Lescol XL is efficacious in monotherapy or in combination with bile acid sequestrants. When Lescol XL is used in combination with cholestyramine or other resins, it should be administered at least 4 hours after the resin to avoid a significant interaction due to binding of the drug to the resin. Minimal data exist to support the efficacy and safety of Lescol XL in combination with nicotinic acid or fibrates (see Section 4.5 Interactions with other medicaments and other forms of interaction).

•Dose recommendations for the secondary prevention of coronary events after percutaneous coronary intervention

In patients with coronary heart disease after percutaneous coronary intervention, the dose is 80 mg daily.
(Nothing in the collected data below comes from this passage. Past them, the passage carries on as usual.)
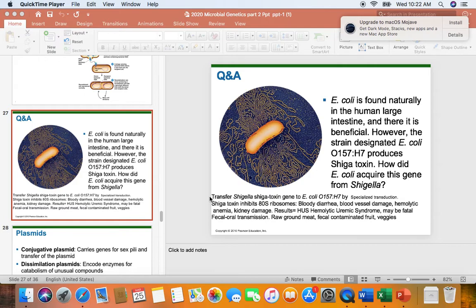Until we do the virus unit and introduce bacteriophage replication, this won't make a lot of sense to you. But just to put on the back burner, this transduction was called specialized transduction. The result is the Shigatoxin gene was inserted into the E. coli chromosome with the help of what's called a prophage. That will make a bit more sense after our virus introduction.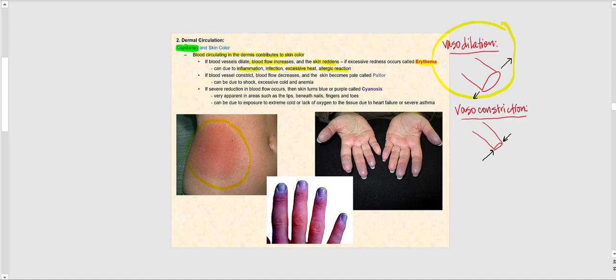As seen in this image, erythema presents as excessive redness. When blood vessels constrict — vasoconstriction — the diameter of the lumen decreases, less blood flows through that area, and the skin becomes more pale. That is referred to as pallor, and it could be due to shock, excessive cold, or anemia — meaning a low number of red blood cells.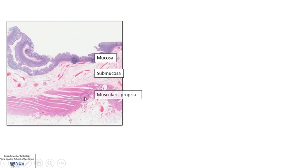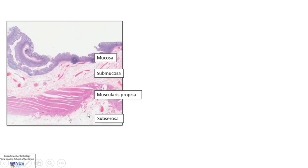Then we have this pink layer here, which is made up of smooth muscle called the muscularis propria. Within this, there will also be the nerve bundles and ganglion cells that drive peristalsis. And finally, just below that is the subserosa, which is usually composed of adipose tissue. The serosal surface, if the part of the gut is not retroperitoneal, will have a lining serosal surface covered by mesothelial cells.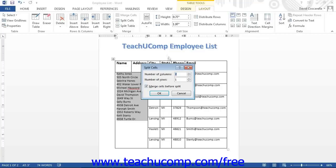This will cause the Split Cells dialog box to open. In this dialog box, enter the number of columns and rows to create from the selected cell into the text boxes provided. If you selected multiple cells before choosing the Split Cells command, you will have the option of merging the selected cells before splitting them. To do this, check the Merge Cells Before Split checkbox. Once you have finished entering the information into this dialog box, click the OK button.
Patients with impaired kidney function

Fluvastatin is cleared by the liver, with less than 6% of the administered dose excreted into the urine. The pharmacokinetics of fluvastatin remain unchanged in patients with mild to severe renal insufficiency (creatinine> 260 µmol/L). No dose adjustments are therefore necessary in these patients.

Patients with impaired liver function

Lescol/Lescol XL is contraindicated in patients with active liver disease, or unexplained, persistent elevations in serum transaminases (see 4.3 Contraindications and 4.4 Special warnings and special precautions for use).

Use in the elderly

There is no evidence of reduced tolerability or altered dosage requirements in elderly patients.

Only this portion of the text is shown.